We report two young men with gynaecomastia in whom the underlying causative metastatic germ cell malignancies were not diagnosed for prolonged time periods. Despite the fact that cancer is an uncommon cause of gynaecomastia, doctors should consider germ cell malignancy, even in the absence of testicular symptoms or signs, in previously healthy young men with recent gynaecomastia or other unusual symptoms or signs. Serum beta human chorionic gonadotrophin and other germ cell malignancy markers (alpha fetoprotein and lactic dehydrogenase) should always be assayed.
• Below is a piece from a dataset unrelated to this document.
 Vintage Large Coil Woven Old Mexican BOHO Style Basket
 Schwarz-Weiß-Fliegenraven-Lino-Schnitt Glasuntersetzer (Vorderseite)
If a testicular primary site is not clinically apparent, there should be early recourse to scrotal ultrasonography.
我们报告了两名患有男性乳房发育症的年轻男性,其潜在的转移性生殖细胞恶性肿瘤病因在很长一段时间内未被诊断出来。尽管癌症是男性乳房发育症的罕见病因,但对于近期出现男性乳房发育症或其他异常症状体征的既往健康年轻男性,即使没有睾丸症状或体征,医生也应考虑生殖细胞恶性肿瘤。应始终检测血清β-人绒毛膜促性腺激素和其他生殖细胞恶性肿瘤标志物(甲胎蛋白和乳酸脱氢酶)。如果临床上未发现睾丸原发部位,应尽早进行阴囊超声检查。